After an extended flirtation with using imperative programming frameworks such as Map-Reduce and NoSQL, many people are returning back to declarative languages like SQL, where the language compiler & runtime are free to make most of the data movement decisions for the programmer. Another way to think about a SQL compiler is that it includes an "algorithm picker" and the runtime includes libraries of useful algorithm implementations (which contain the data movement specifications). This talk will discuss the needs and opportunities for expanding the domain of algorithm-picking languages like SQL. Doing so will require integration with managed-language runtime compilers (e.g. Java or Javascript compilers) that are integrated with the SQL compiler not just to provide efficiency gains during query execution, but also to use managed language runtime profiling to help in algorithm selection as well as assembly-level compilation decisions.
Bio
Eric Sedlar
Eric Sedlar is Vice President and Technical Director of Oracle Labs
(formerly Sun Labs). This position entails figuring out how to
transfer research results from Labs research into Oracle products &
services, as well as setting overall technical direction for new
research projects in Oracle Labs. Eric manages over 160 fulltime
researchers working on over a dozen separate research areas.

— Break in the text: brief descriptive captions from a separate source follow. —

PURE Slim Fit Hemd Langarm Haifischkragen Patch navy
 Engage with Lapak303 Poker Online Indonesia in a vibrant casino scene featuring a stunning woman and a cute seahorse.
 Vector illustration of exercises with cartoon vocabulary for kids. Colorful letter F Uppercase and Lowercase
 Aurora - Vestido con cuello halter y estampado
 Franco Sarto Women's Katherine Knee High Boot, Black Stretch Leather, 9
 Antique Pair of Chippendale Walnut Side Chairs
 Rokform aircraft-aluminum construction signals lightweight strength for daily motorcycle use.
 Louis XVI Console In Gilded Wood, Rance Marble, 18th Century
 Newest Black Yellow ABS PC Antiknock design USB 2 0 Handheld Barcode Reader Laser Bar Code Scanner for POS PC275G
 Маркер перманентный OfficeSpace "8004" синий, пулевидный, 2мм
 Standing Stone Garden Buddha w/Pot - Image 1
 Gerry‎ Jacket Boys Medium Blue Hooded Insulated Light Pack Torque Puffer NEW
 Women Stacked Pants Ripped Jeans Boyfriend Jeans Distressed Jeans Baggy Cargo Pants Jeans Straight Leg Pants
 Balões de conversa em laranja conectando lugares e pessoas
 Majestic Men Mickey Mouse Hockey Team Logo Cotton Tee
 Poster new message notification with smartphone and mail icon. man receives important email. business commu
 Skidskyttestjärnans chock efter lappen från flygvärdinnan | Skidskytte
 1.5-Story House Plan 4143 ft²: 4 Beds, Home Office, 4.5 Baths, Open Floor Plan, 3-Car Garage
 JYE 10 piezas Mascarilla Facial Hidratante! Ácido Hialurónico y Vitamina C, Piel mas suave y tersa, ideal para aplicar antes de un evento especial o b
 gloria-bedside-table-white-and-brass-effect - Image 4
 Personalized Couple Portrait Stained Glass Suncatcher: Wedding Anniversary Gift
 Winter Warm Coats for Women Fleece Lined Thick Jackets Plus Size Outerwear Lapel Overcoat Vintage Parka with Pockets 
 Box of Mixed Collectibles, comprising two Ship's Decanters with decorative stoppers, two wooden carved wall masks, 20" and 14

Eric's own research interests are in domain-specific languages and acceleration of database operations both via new hardware and using JIT compilation.
Previously, he led the effort for XML-native storage inside Oracle, starting with Oracle 9iR2. Eric has held various architecture and development management positions at Oracle since starting there in 1990. He holds over 68 patents, and has served on standards organizations for Oracle in the W3C and IETF. He co-authored the Best Paper at SIGMOD 2010 on architecture-sensitive search trees.